We take a look around the newly opened Queen Elizabeth II Gardens.
The first thing you notice: birdsong. The new garden is a natural amphitheatre, an open space encircled by mature trees. It's alive with tweets and trills; more so, it seems, than surrounding parts of Regent's Park. This alone would make the garden a special, but much more awaits...
Three and a half years on from the death of Queen Elizabeth II, her memorialisation begins in earnest. Work will soon start on a statue and walkway for St James's Park. Here, in Regent's Park, we get something more subtle in the ever-shifting shape of the QEII Garden.
The garden is built on the site of an old plant nursery. Until recently, this was a fenced-off part of the park, characterised by disused buildings and rafts of concrete. Here's the view, a few years old, in Google Earth...
And today it looks like this:

At just two acres, this is a modest site, but the design and planting make the most of the space. A sinusoidal path curves around gravelly banks, all planted with species adapted to the warmer, wetter climate we might expect in future. The garden is also big on recycling. The entrance pergola — as yet untroubled by the wisteria and other climbers that will one day thrive — is recast from old greenhouse metal. The paths and even the beds reuse ground up concrete from the old site.
"A garden of colour and contemplation, of biodiversity and beauty, of memory and hope," says the brochure, handed out to us keen visitors who attended on day one. It doesn't quite tick all of those boxes yet. The splashes of colour are numerous, but isolated. The biodiversity is something to grow into.

The garden will only come to full glory over years, as the plants put down deeper roots, thrive and settle in to their august home.

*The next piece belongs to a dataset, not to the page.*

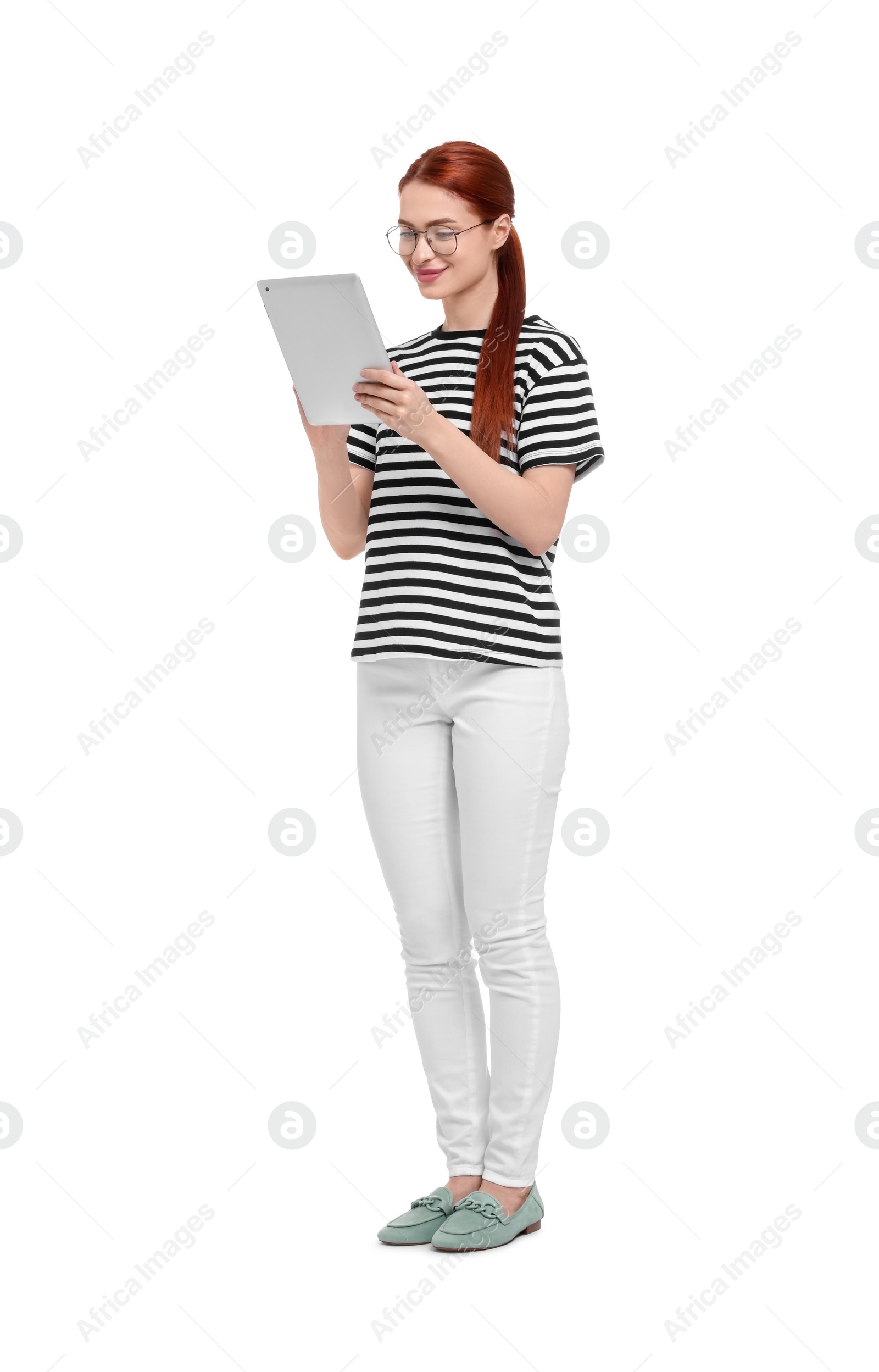 Photo of Happy woman in glasses using tablet on white background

It reminds me a little of the Olympic Park's first years, when the wilds still looked very tame and new. The QEII garden has a bit of a leg-up, with its perimeter of mature trees, but it still looks a trifle too fresh to fully realise the aspirational 'colour and contemplation'. That birdsong, though; it sings mightily the song of glories yet to come.
The garden is best seen from the water tower, a feature of the old nursery that has been retained as a modest viewpoint. Its structure is draped with ironmongery, depicting the national plants (rose, leek, thistle, shamrock) of the four parts of Her Majesty's Kingdom.

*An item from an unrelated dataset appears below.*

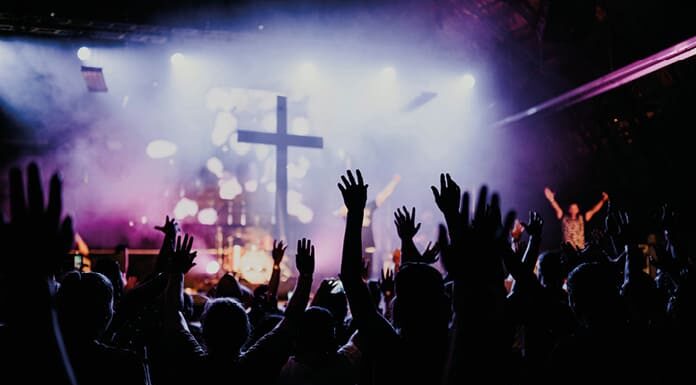 Dios, a la moda Jóvenes con los brazos en alto durante un concierto, símbolo de búsqueda colectiva y emoción compartida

The Commonwealth gets a nod or too, as well. Many of the plants are sourced from Commonwealth countries, and the metal pergola has 56 vertical supports — equal to the number of countries in the Commonwealth.

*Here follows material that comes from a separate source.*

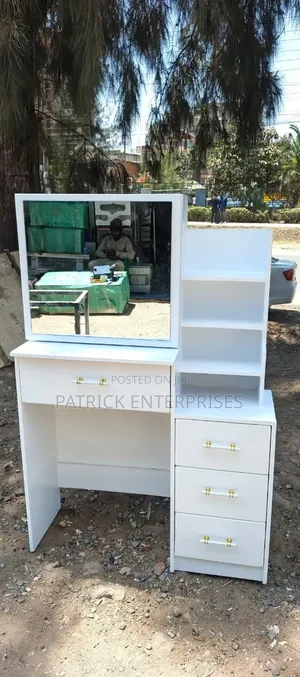 Modern White Dressing Table With a Sliding Mirror With Storage Shelves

The QEII garden is a lovely addition to Regent's Park, which will only surge in beauty as the years go on. If you're seeking horticultural spectacle, head a few hundred paces west for the rockeries and Queen Mary's Rose Garden. The garden of the most recently late Queen is more serene and subtle. Perch on one of the many, many benches, close your eyes, and just listen to those birds.
The Queen Elizabeth II Garden is open daily 9am-8pm. Entrance is free. It can be found north-west of the Broadwalk meets Chester Road. It's billed as a 'garden for everyone', which is true so long as you're not a dog. Even corgis are banned.